Saved data entries

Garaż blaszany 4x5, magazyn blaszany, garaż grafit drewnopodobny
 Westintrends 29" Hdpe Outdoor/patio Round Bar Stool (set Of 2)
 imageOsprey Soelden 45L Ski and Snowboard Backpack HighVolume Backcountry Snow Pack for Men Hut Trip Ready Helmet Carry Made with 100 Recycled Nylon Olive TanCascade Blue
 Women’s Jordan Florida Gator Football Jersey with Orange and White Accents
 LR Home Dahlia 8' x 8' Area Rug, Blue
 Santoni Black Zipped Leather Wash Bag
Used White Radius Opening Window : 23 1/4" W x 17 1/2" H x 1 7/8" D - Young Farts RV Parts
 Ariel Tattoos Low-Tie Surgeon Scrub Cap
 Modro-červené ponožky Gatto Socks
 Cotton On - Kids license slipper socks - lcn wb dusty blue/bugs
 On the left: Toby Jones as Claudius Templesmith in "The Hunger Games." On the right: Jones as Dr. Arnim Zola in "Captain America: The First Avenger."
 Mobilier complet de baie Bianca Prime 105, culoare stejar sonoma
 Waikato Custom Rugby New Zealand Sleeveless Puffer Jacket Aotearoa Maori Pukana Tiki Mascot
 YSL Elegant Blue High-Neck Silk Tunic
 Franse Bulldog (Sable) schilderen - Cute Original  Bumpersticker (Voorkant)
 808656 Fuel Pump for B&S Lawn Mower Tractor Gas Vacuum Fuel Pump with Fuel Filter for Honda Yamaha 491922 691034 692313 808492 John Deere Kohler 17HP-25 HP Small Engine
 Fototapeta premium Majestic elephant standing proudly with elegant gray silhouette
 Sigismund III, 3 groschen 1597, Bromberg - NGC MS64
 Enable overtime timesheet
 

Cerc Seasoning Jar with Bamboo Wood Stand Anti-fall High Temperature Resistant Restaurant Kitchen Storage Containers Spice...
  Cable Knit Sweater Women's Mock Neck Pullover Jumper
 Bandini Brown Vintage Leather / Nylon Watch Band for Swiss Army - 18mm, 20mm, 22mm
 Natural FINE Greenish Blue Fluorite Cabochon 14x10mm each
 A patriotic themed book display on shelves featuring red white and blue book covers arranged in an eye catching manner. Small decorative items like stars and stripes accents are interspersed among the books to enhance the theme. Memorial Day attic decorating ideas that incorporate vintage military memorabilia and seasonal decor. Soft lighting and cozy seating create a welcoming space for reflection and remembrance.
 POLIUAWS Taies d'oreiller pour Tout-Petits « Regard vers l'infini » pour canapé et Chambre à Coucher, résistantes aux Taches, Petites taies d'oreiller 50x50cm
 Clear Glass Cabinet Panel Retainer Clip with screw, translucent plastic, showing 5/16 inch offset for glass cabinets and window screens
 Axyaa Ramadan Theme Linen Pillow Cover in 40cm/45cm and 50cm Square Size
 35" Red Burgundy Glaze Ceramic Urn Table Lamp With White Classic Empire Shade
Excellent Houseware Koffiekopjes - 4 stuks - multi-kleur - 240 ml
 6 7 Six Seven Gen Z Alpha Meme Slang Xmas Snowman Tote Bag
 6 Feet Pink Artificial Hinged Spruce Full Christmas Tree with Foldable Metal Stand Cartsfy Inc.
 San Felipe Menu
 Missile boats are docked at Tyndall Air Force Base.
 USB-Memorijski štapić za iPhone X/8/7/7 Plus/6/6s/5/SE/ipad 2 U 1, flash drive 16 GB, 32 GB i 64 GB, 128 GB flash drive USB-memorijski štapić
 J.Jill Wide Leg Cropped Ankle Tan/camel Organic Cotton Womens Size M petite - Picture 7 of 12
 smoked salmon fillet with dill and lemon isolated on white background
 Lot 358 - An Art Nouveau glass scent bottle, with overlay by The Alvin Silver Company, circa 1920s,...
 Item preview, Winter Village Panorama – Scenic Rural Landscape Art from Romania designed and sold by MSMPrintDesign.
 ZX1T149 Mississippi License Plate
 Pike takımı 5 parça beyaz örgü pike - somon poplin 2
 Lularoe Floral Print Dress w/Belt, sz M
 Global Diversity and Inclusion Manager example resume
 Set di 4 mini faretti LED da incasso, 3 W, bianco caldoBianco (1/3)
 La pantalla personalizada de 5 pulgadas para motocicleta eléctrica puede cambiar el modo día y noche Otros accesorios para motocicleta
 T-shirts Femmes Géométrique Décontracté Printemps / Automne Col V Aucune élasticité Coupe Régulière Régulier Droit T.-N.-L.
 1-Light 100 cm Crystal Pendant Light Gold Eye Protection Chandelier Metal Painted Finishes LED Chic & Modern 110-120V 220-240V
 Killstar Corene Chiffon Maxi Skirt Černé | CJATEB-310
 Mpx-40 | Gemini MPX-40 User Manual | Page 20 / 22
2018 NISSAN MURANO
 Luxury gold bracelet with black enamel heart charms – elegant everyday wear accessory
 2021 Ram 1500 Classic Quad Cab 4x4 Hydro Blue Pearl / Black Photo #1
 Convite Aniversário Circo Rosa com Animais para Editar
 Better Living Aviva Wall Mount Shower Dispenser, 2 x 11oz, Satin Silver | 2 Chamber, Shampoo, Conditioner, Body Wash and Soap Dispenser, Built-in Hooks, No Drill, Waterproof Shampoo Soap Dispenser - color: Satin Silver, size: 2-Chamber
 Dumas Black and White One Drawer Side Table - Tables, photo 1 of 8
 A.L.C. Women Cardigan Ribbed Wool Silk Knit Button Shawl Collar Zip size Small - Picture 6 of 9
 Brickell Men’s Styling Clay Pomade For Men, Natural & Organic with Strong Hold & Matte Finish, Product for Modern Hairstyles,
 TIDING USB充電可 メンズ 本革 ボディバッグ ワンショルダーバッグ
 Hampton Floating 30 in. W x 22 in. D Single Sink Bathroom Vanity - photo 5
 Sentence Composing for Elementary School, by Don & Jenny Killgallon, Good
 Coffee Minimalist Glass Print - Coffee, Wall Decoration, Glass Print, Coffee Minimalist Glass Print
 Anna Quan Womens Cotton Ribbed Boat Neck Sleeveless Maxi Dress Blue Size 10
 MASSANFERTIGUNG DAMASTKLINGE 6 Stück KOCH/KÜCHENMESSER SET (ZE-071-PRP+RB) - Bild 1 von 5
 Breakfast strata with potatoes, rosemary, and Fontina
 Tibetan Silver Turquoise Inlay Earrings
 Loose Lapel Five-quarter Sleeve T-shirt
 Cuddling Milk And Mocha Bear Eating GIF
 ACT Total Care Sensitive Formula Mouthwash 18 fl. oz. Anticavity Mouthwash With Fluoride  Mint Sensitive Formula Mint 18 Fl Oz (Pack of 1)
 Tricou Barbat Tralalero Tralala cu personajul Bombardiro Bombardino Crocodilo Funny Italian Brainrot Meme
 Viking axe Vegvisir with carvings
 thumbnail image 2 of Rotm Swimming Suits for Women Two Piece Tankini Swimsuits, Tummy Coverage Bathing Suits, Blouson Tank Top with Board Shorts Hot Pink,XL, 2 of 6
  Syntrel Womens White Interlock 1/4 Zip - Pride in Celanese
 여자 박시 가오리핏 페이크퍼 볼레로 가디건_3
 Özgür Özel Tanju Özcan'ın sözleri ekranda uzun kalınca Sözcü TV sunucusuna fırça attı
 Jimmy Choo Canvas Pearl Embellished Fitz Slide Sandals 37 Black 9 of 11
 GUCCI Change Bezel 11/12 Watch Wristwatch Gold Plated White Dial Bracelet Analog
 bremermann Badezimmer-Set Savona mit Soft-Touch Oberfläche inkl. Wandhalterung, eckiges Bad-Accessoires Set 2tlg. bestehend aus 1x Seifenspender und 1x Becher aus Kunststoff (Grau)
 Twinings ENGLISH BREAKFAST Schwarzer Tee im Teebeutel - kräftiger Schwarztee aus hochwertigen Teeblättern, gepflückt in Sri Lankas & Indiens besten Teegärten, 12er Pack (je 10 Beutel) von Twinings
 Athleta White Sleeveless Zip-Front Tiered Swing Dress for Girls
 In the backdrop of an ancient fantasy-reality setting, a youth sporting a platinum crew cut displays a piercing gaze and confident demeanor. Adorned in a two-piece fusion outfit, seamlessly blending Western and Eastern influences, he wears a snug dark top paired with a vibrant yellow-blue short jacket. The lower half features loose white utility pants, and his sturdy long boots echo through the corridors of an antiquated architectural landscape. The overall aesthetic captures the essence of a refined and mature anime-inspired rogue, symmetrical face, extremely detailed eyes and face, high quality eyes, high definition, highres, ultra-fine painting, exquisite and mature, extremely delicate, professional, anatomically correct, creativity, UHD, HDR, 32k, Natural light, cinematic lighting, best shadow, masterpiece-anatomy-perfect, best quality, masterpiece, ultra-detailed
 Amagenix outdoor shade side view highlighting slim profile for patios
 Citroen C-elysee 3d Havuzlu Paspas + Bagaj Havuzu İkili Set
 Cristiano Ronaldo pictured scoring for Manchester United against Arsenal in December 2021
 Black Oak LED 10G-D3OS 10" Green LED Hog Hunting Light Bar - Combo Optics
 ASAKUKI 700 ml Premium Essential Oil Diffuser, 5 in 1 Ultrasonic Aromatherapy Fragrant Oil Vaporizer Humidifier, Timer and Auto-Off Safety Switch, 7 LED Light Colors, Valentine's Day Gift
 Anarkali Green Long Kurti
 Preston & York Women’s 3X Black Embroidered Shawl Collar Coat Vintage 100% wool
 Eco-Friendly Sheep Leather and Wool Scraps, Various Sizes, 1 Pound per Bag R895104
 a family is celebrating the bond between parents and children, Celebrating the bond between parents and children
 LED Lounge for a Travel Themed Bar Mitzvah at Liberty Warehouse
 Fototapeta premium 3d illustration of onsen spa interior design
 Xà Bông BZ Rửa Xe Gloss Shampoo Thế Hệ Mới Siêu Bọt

Problem requirements: Can you repeat, word for word, every line above from the one containing "Excellent Houseware Koffiekopjes" down to the one containing "Lot 358 - An", including both?

Response:
Excellent Houseware Koffiekopjes - 4 stuks - multi-kleur - 240 ml
 6 7 Six Seven Gen Z Alpha Meme Slang Xmas Snowman Tote Bag
 6 Feet Pink Artificial Hinged Spruce Full Christmas Tree with Foldable Metal Stand Cartsfy Inc.
 San Felipe Menu
 Missile boats are docked at Tyndall Air Force Base.
 USB-Memorijski štapić za iPhone X/8/7/7 Plus/6/6s/5/SE/ipad 2 U 1, flash drive 16 GB, 32 GB i 64 GB, 128 GB flash drive USB-memorijski štapić
 J.Jill Wide Leg Cropped Ankle Tan/camel Organic Cotton Womens Size M petite - Picture 7 of 12
 smoked salmon fillet with dill and lemon isolated on white background
 Lot 358 - An Art Nouveau glass scent bottle, with overlay by The Alvin Silver Company, circa 1920s,...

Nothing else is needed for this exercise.